In addition, along with his friend and comrade the late Dave Guy, he made sure that the Durham Miners’ Gala not only survived after the closure of the pits, but continued to thrive.

He was a proud socialist and a critic of wars and nuclear weapons, believing that instead, those funds should be invested into jobs, housing, health and education for the benefit of ordinary people. He was also a passionate internationalist, who had a real knowledge of workers’ struggles in other countries and always ensured that the Gala’s great internationalist tradition was upheld by inviting international speakers.

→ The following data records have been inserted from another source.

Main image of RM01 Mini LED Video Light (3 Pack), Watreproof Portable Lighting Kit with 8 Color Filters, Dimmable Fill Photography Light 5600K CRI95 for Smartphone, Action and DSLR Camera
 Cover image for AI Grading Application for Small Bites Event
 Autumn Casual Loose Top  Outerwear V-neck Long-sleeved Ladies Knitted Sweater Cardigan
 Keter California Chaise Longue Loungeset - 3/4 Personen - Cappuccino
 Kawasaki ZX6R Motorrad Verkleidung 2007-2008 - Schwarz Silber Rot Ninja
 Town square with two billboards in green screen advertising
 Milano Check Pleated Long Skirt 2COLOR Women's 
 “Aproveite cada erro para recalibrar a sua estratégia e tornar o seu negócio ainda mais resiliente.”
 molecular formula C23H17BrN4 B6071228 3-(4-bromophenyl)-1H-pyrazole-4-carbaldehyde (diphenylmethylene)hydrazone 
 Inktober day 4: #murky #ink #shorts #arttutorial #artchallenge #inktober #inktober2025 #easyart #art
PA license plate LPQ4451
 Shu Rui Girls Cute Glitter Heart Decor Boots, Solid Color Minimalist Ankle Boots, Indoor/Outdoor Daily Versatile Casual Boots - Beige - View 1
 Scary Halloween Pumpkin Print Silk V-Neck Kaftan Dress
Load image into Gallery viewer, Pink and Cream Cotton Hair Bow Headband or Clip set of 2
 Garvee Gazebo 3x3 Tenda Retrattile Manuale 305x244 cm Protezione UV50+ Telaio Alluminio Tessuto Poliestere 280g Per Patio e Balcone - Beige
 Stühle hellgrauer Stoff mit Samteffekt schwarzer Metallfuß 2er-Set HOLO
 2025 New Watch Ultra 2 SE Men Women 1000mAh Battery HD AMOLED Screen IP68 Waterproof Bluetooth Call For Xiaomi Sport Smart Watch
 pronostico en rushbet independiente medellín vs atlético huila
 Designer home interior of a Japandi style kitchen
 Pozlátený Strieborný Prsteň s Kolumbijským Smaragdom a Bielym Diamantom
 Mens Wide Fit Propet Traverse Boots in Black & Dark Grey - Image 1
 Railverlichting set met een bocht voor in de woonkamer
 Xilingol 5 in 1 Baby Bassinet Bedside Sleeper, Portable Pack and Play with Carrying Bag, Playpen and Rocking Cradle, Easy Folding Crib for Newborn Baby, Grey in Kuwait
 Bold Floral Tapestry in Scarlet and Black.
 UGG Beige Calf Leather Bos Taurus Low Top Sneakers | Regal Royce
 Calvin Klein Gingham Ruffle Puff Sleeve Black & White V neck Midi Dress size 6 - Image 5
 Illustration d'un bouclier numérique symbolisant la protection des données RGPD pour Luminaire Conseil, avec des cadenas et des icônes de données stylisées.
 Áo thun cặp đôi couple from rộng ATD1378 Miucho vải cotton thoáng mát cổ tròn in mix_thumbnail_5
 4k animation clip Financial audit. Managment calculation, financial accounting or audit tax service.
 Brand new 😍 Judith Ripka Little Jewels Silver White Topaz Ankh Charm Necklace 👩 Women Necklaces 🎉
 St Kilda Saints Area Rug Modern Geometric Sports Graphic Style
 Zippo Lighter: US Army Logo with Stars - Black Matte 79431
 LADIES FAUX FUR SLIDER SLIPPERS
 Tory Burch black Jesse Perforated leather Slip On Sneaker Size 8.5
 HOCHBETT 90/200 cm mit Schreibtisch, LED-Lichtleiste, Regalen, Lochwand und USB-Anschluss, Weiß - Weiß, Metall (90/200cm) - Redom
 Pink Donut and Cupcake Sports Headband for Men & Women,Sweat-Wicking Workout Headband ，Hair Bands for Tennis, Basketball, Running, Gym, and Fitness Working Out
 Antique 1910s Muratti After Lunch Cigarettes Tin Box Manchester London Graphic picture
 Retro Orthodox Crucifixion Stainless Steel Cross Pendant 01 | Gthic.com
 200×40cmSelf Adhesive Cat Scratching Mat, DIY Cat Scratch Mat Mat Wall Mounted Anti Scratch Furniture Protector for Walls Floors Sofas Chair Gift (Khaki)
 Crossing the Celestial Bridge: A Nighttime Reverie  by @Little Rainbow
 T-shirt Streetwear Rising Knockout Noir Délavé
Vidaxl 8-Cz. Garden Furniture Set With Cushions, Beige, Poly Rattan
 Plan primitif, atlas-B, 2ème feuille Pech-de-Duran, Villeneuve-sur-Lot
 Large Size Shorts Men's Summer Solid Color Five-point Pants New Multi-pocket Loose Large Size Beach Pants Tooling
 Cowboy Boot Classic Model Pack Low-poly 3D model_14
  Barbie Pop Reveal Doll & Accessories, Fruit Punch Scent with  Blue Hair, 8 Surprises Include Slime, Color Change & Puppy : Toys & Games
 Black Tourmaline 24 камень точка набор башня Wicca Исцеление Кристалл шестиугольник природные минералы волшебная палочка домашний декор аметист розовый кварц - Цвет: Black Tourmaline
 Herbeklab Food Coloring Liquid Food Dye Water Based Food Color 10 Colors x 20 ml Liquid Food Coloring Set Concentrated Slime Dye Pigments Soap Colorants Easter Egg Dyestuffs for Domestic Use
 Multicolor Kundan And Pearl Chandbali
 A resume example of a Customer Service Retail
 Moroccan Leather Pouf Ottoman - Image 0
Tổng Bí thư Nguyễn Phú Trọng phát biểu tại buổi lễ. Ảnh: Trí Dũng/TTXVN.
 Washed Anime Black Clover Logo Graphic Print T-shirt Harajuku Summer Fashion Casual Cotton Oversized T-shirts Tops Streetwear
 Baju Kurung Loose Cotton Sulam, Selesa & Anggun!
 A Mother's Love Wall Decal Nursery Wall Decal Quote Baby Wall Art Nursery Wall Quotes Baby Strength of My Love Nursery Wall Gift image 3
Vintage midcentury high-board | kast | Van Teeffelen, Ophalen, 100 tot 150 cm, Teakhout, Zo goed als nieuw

Over the past year Davey was as active as ever. He attended countless trade union conferences, urging delegates to stay strong and never give in. He backed Jeremy Corbyn’s leadership bid from day one, and memorably delivered a blistering speech at the North East rally in support of Jeremy which earned him a standing ovation. He was a strong supporter of the local anti-racist and anti-fascist movement, the local Socialist Clothing Bank and was at the forefront of forging links between the DMA and LGBT rights activists. Furthermore, just in the past few months, in the face of a lot of pressure, he stood in total solidarity with local teaching assistants facing a pay cut and of course, continued to stand shoulder to shoulder with Jeremy Corbyn. And just a few days prior to this year’s Gala, he addressed an NUT strike rally in Durham. For Davey, solidarity was not just a word; it was a way of life.

Since Davey’s untimely death, I have frequently cast my mind to the Gala earlier this month. What a moment of triumph and vindication. Davey was one of those who kept the flame alive in some very dark times for our movement: when Thatcherism ripped the heart out of the mining communities and when New Labour shunned working-class communities and the trade union movement. And yet, last Saturday, there he was, side by side with his old friends Jeremy Corbyn and Dennis Skinner, being cheered on by a massive and youthful crowd, the like of which has not been seen in recent times. After many years of condescension and derision about being “stuck in the past”, here was irrefutable proof that in fact, it is Davey’s vision for society which represents the future.

A fighter, an organiser, an intellect, an orator – Davey had it all and I miss him greatly already.

“He was a man, take him for all in all, I shall not look upon his like again.”

Rest in peace Davey and thank you for everything marra.